Rick Weston
Rick Weston

Reputation: 53

PHP calling a method from outside another class

Not sure of OOP syntax to do this... I'd like to have aclass that calls the mysqli object

class Voovid_DB {
    private $host = 'localhost';
    private $user = 'blahblah';
    private $password = 'blahblah';
    private $name = 'blahblah';

    public function __contstuct(){
        $dbh= new mysqli( $this->host, $this->user, $this->password, $this->name );
        return $dbh;
    }

     //get and set methods for host, user etc... go here    
}

now I'd like to access all the mysqli methods like so

$dbconnect = new Voovid_DB();
if ( $result = $dbconnect->query( "SELECT first_name, last_name FROM members WHERE member_id=9" ) ) {
    while ( $row = $result->fetch_assoc() ) {
        $first_name = ucfirst( $row['first_name'] );
        $last_name = ucfirst( $row['last_name'] );
    }
} else {
    $errors = $dbconnect->error;
}

i'm new to PHP OOP and not sure how to get to the mysqli methods inside the Voovid_DB class

Upvotes: 1

Views: 1222

Answers (4)

Arnaud Le Blanc
Arnaud Le Blanc

Reputation: 99919

You have to either extend the MySQLi class, or build a proxy around it.

The easiest is probably to extend it:

class Voovid_DB extends MySQLi {
    private $host = 'localhost';
    private $user = 'blahblah';
    private $password = 'blahblah';
    private $name = 'blahblah';

    public function __construct(){
        // call parent (MySQLi) constructor
        parent::__construct( $this->host, $this->user, $this->password, $this->name );
    }

    // no need for other methods, they already are there
}

Notice the extends MySQLi.

Then your second code snipet should work.

Or, build a proxy:

class Voovid_DB {
    private $host = 'localhost';
    private $user = 'blahblah';
    private $password = 'blahblah';
    private $name = 'blahblah';
    private $dbh;

    public function __construct(){
        $this->dbh = new MySQLi($this->host, $this->user, $this->password, $this->name);
    }

    // this will proxy any calls to this class to MySQLi
    public function __call($name, $args) {
        return call_user_func_array(array($this->dbh,$name), $args);
    }
}

Upvotes: 2

Nick Rolando
Nick Rolando

Reputation: 26177

Constructors aren't supposed to return anything. When you say $dbconnect = new Voovid_DB(); you would normally be trying to create a Voovid_DB object, but it looks like you're using it to try an make a mysqli object. Don't make this the constructor and call the function after you create the voovid_db object.

$obj = new voovid_DB();
$dbConnect = $obj->createMysqli();

Upvotes: 0

Fender
Fender

Reputation: 3055

you code is correct.

the only thing you have to do is to make sure that you define your functions in Voovid_DB as public.

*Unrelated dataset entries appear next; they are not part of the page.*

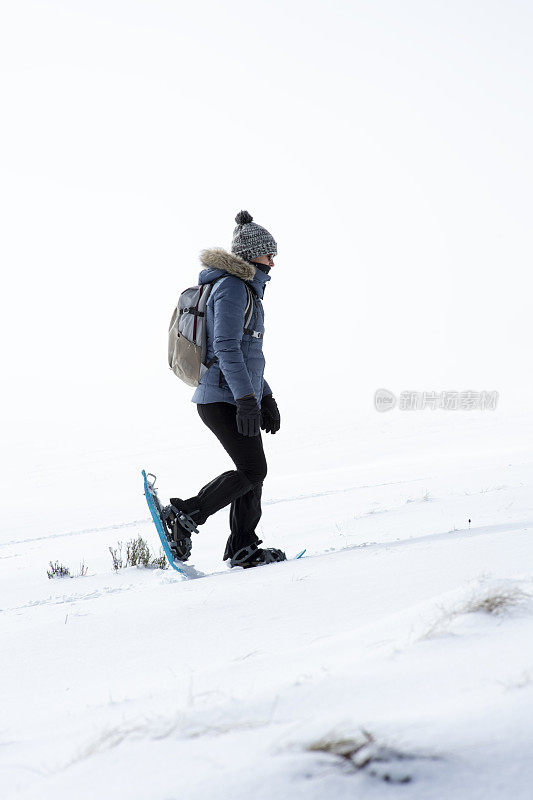 一个穿着雪鞋的女人爬上了白雪覆盖的斜坡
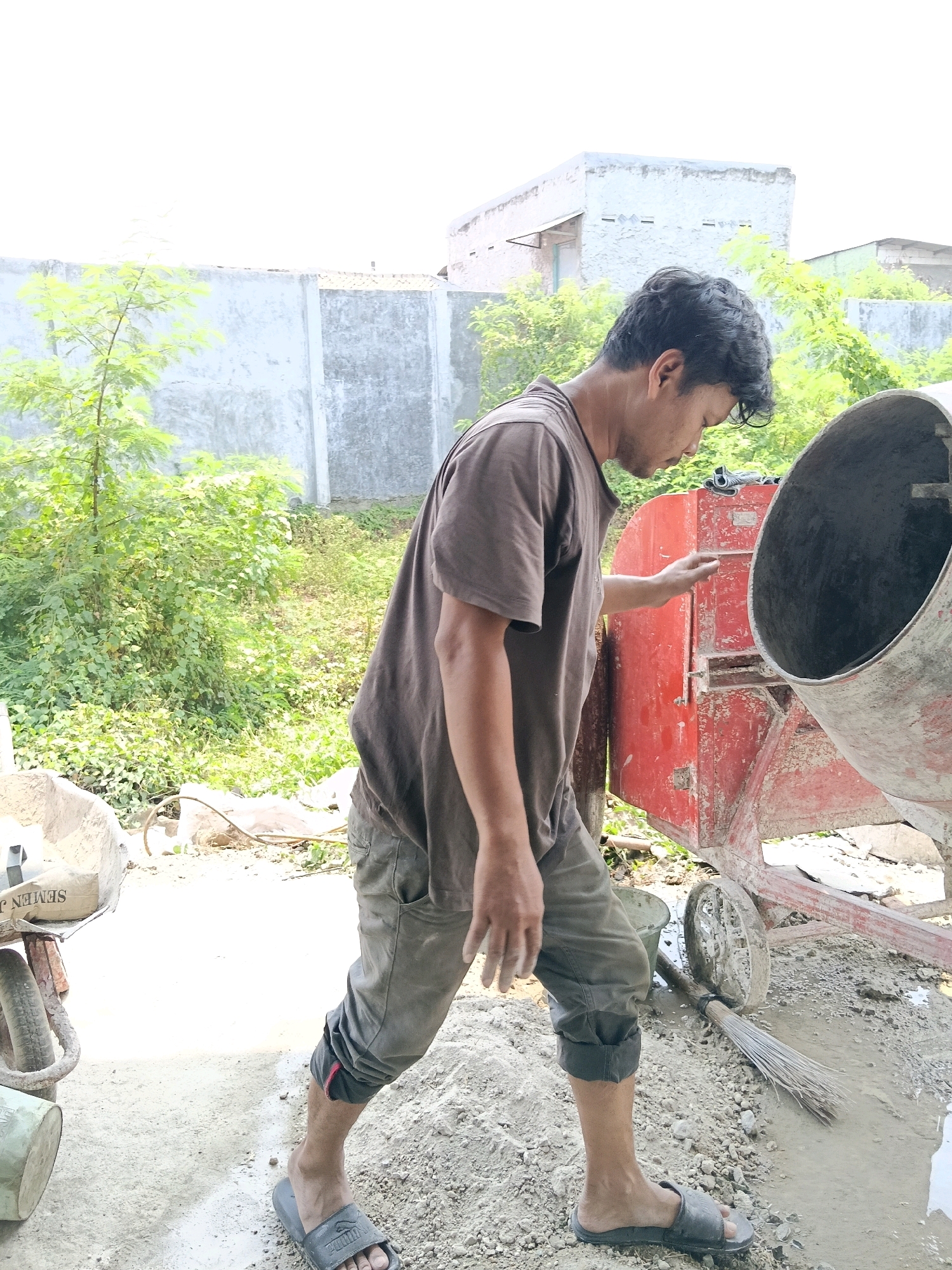In the city of Belimbing, Indonesia, a construction worker is seen from the side near a cement mixer. The man, wearing a brown t-shirt and grey cropped pants, is looking down at the mixer with his right hand raised as if interacting with it. A wheelbarrow with a bag of cement is to his left, and a broom lies on the ground to his right. The background features a concrete wall and lush green foliage, suggesting an outdoor construction site. The ground is covered in sand and some wet cement.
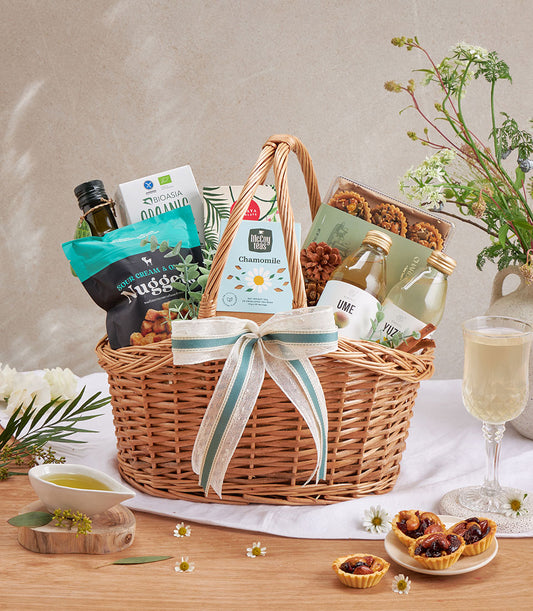 Premium olive oil, snacks and sparkling drinks gift hamper with woven basket, cream ribbon, and gourmet artisan selection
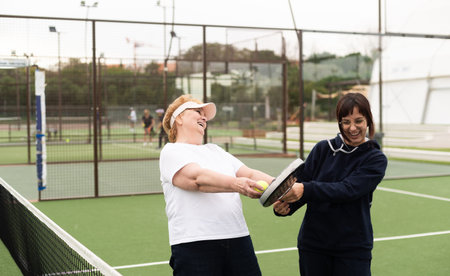 a girl teaches her grandmother how to play padelの写真素材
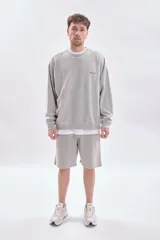Bermuda de corte recto con efecto lavado en color gris claro, confeccionada en tejido de algodón con cintura elástica y cordón ajustable.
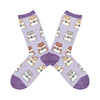 Shown in a flatlay, a pair of women's Socksmith brand cotton and nylon crew sock in lilac with a purple heel, toe, and cuff. These socks feature an all over pattern of grey, blonde, and brown hamsters holding a little sunflower seed.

private or protected methods cannot be accessed from other classes

store your mysqli object in a public field in your class then you can access it like this:

$dbconnect->mysqlField->query

Upvotes: 0

NikiC
NikiC

Reputation: 101946

You could define a __call method:

public function __call($method, $arguments) {
    return call_user_func_array(array($this->dbh, $method), $arguments);
}

__call is invoked if an undefined or inivisible method is called.